I'm trying to sound defiant, but the quivering chin and sweaty palms make it hard to pull off.

I can feel him smile, gentle and smug and not really there. Damn it.

"Yeah, yeah, yeah . . ." I mutter to the ghost as I reach out and turn the knob.

I push him away in my mind, and I open the door.

5

I STARE INSIDE for a moment without entering. My terror is pure and clean and nausea-producing. It occurs to me that this is the core of what I hate the most about my life since the "big bad" happened. The constant uncertainty. One of the qualities I always liked about myself was my decisiveness. It was always simple--decide and do. Now it's: what if what if what if, no yes no maybe, stop go, what if what if what if . . . and, behind it all, I'm afraid. . . .

God, I am afraid. All the time. I wake up afraid, I walk around afraid, I go to sleep afraid. I am a victim. I hate it, I cannot escape it, and I miss the effortless certainty of invulnerability that used to be me. I also know, however much I heal, that that certainty will never return. Never.

"Get a grip, Barrett," I say.

This is the other thing I do now: I wander, without ever going anywhere.

"So change it," I murmur to myself.

Oh yeah--and I talk out loud all the time.

"You one cwazy wabbit, Barrett," I whisper.

One deep breath and I move through the door.

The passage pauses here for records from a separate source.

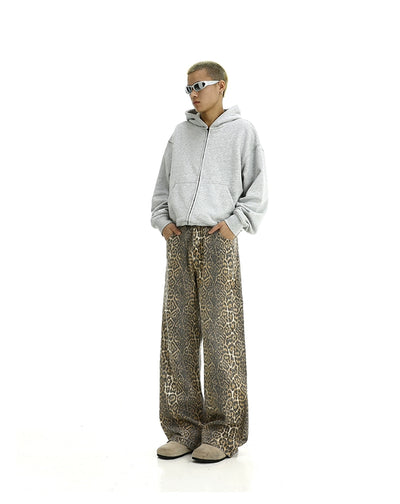 Leopard Print Bootcut Pants Korean Street Fashion Pants By MEBXX Shop Online at OH Vault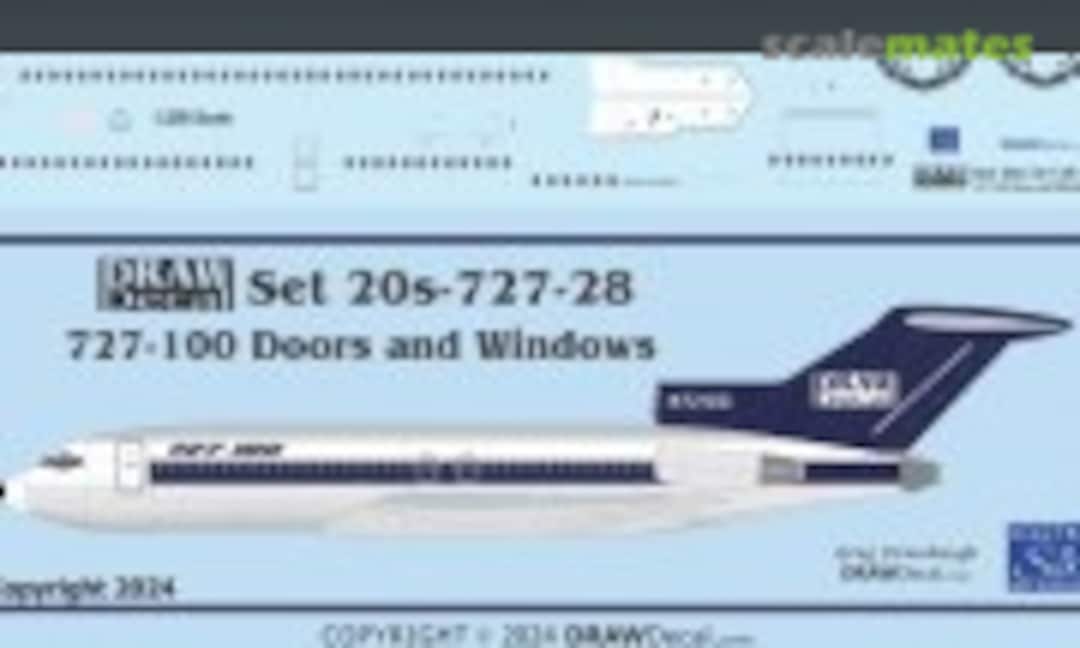 1:200 727-100 Doors and Windows (Draw Decal 20-727-28) 20-727-28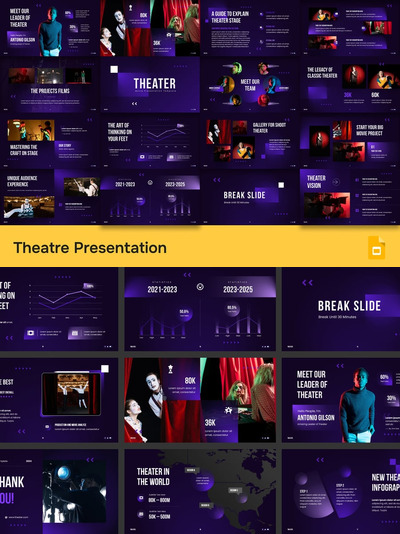 剧场电影PPT模板 (PPTX)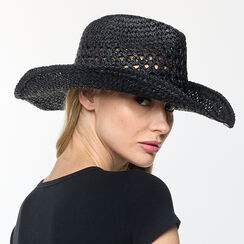 Sombrero negro de paja, Primadonna, 23B431120PGNEROUNI, 002a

It's not a big office. Just the four of us, desks and computer stations, a small acting conference room, phones. Corkboards covered with photos of death. It looks no different now than when I was here six months ago. But the way I feel, I might as well be walking on the moon. Then I see them. Callie and Alan, backs to me, talking to each other as they point at one of the corkboards. James is there, focused with his usual cold intensity on a file that lays open on the desk in front of him. It's Alan who turns and sees me first. He sees me, and his eyes open wide, his mouth drops, and I am bracing myself for a look of revulsion. He laughs out loud.

"Smoky!"

It is a voice filled with joy, and in that moment, I am saved.

6

DAMN, HONEY-LOVE, you won't have to dress up for Halloween anymore." This is Callie. What she says is shocking, crass, and unfeeling. It fills me with an easy joy. If she'd done anything else, I probably would have burst into tears.

Callie is a tall, skinny, leggy redhead. She looks like a supermodel. She's one of those beautiful people; staring at her too long is like looking into the sun. She's in her late thirties, has a master's in forensics with a minor in criminology, is brilliant, and lacks any social veneer at all. Most people find her intimidating. Many decide, on first blush, that she's uncaring, maybe even cruel. This couldn't be further from the truth. She is loyal to an extreme, and her integrity and character couldn't be tortured out of her. She is blunt, forever truthful, brutal in her observations, and refuses to play games, political, PR, or otherwise. She would also put herself in front of a bullet for anyone she calls a friend.

One of Callie's most admirable features is the one that's easiest to miss--her simplicity. The face she shows to the world is the only one she has. She doesn't believe in self-importance and has no patience with those who do. This is probably the crux of what confuses those who judge her harshly: If you can't take her poking fun at you, she's not going to lose any sleep over your discomfort. Lighten up or get left behind, because--as she likes to say--"If you can't laugh at yourself, you're of no use to me."

It was Callie who found me in the aftermath of Joseph Sands. I was naked and bleeding, screaming and covered with vomit. She was dressed to kill, as always, but she didn't hesitate to gather me in her arms and hold me while she waited for the ambulance. One of the last things I remember before I passed out was the sight of her beautiful tailored suit, ruined by my blood and tears.